■ **WHAT THE TASK REQUIRES**
Without the pictures, print the lines from the one holding "1254 N Mono" through the last line below, both included, exactly as they stand.

*** DATA PROVIDED ***

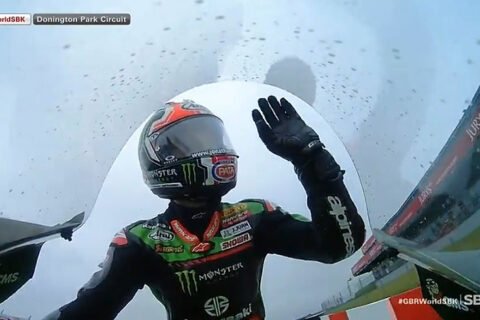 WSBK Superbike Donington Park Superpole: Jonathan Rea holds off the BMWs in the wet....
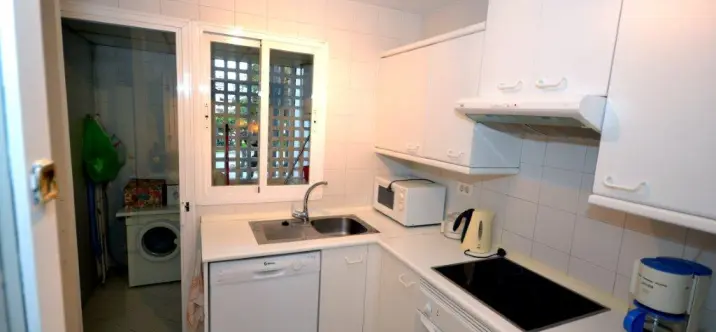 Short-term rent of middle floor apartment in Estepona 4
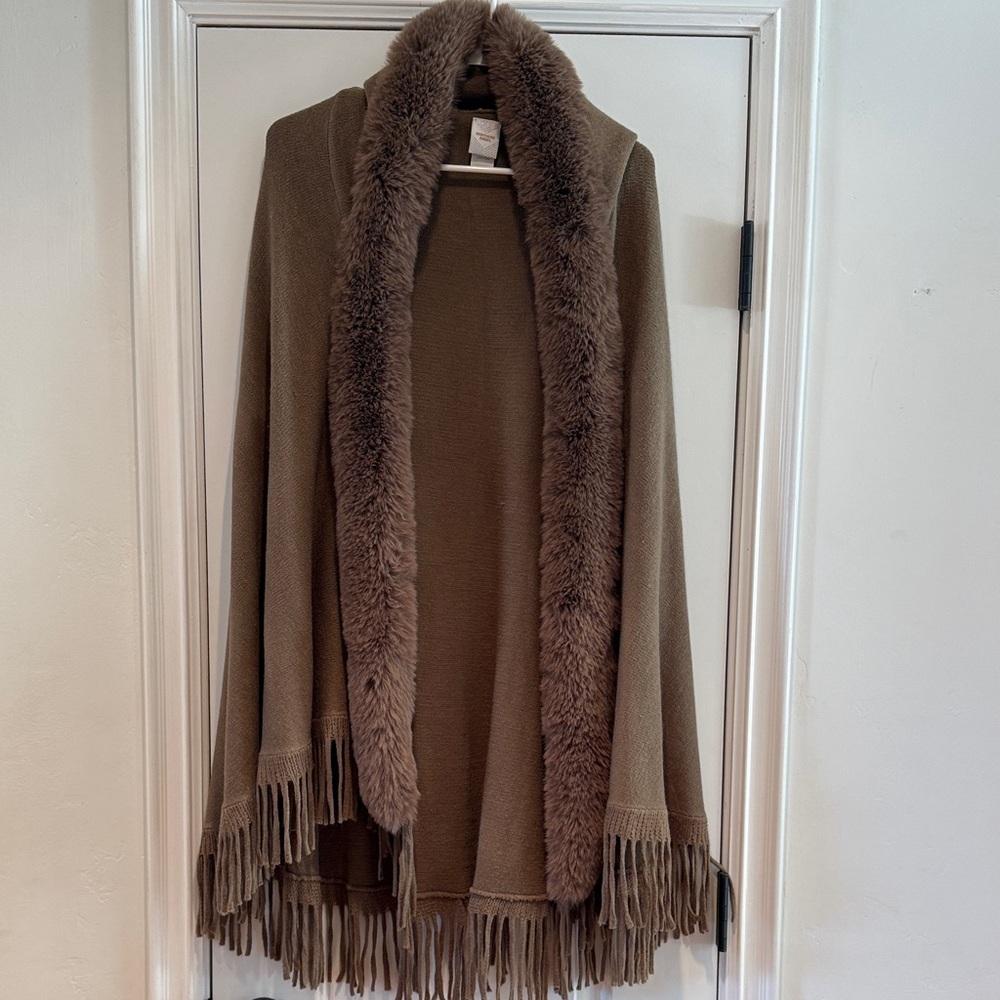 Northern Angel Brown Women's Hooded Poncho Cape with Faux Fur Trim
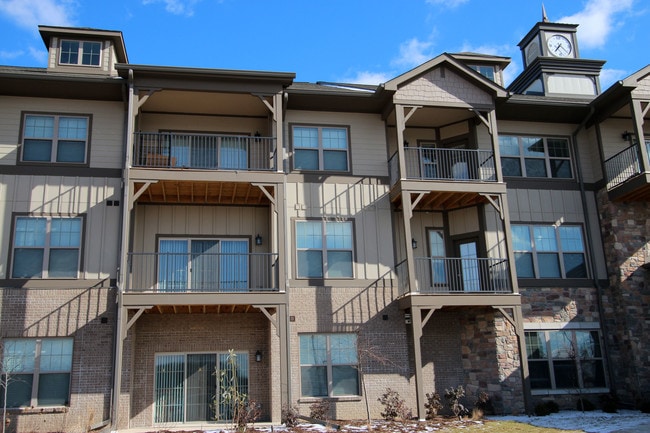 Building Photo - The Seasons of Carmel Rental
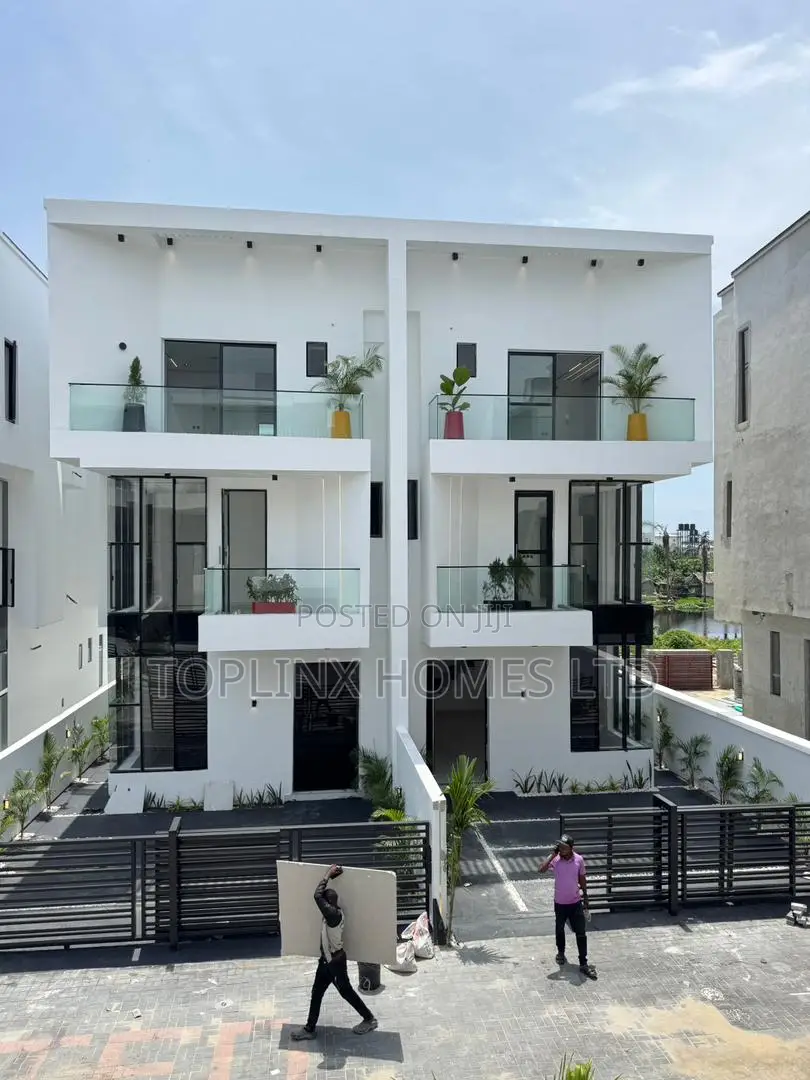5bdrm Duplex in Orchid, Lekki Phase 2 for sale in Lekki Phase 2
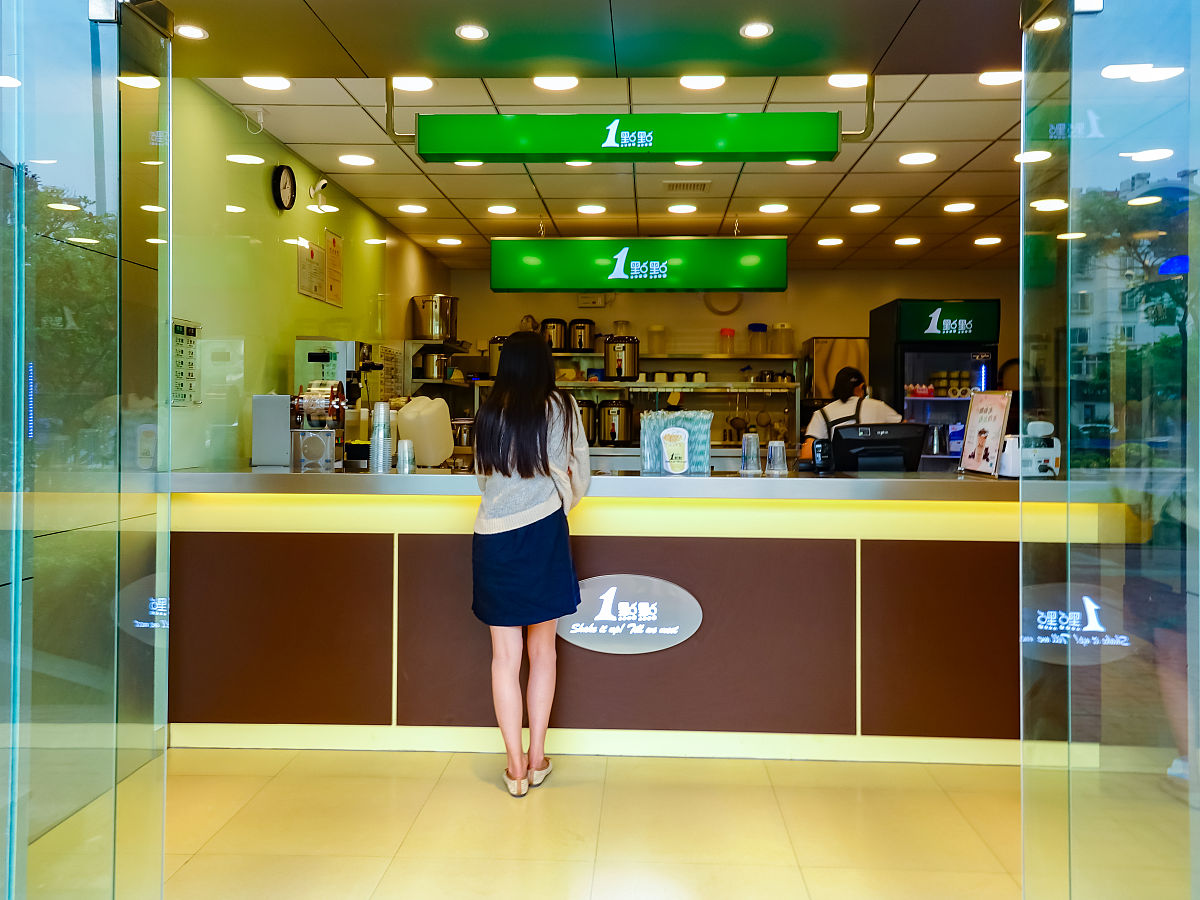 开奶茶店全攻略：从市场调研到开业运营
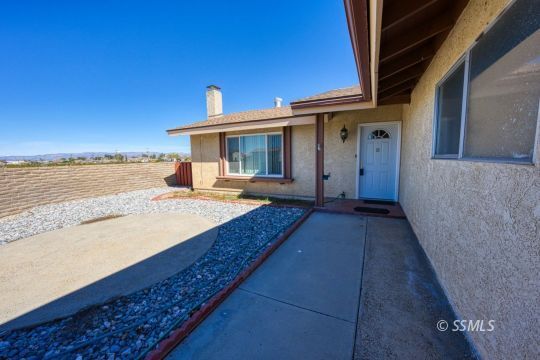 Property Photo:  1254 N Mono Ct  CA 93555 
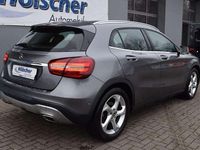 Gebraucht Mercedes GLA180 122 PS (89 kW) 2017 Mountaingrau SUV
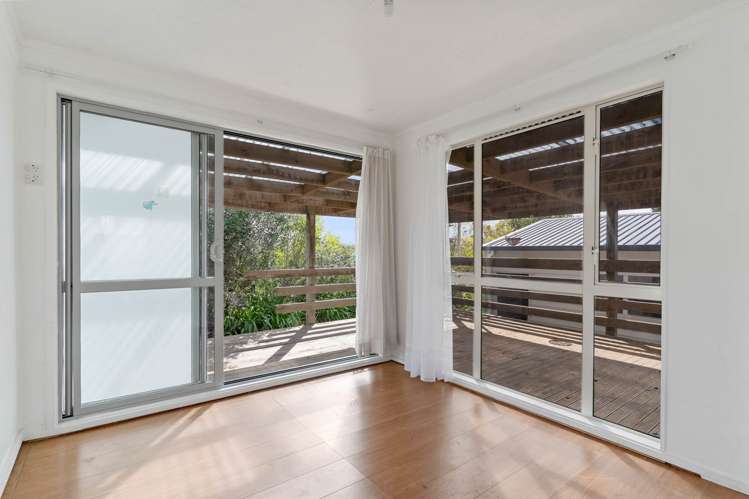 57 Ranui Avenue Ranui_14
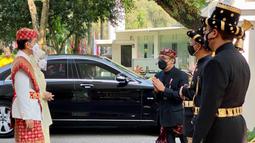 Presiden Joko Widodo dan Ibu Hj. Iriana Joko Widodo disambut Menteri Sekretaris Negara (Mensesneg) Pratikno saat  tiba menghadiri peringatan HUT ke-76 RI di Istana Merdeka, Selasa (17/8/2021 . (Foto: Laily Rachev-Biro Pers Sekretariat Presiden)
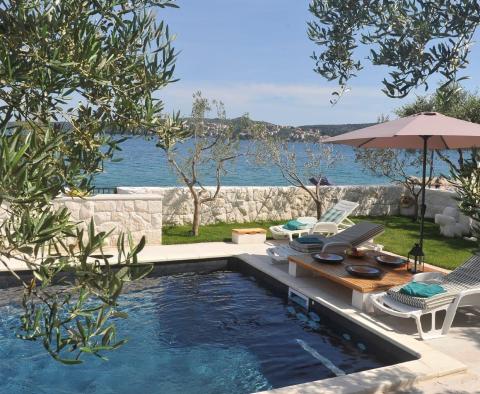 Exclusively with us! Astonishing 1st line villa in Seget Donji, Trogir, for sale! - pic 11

***

■ **RESPONSE TO THE EXERCISE**
 Property Photo:  1254 N Mono Ct  CA 93555 
 Gebraucht Mercedes GLA180 122 PS (89 kW) 2017 Mountaingrau SUV
 57 Ranui Avenue Ranui_14
 Presiden Joko Widodo dan Ibu Hj. Iriana Joko Widodo disambut Menteri Sekretaris Negara (Mensesneg) Pratikno saat  tiba menghadiri peringatan HUT ke-76 RI di Istana Merdeka, Selasa (17/8/2021 . (Foto: Laily Rachev-Biro Pers Sekretariat Presiden)
 Exclusively with us! Astonishing 1st line villa in Seget Donji, Trogir, for sale! - pic 11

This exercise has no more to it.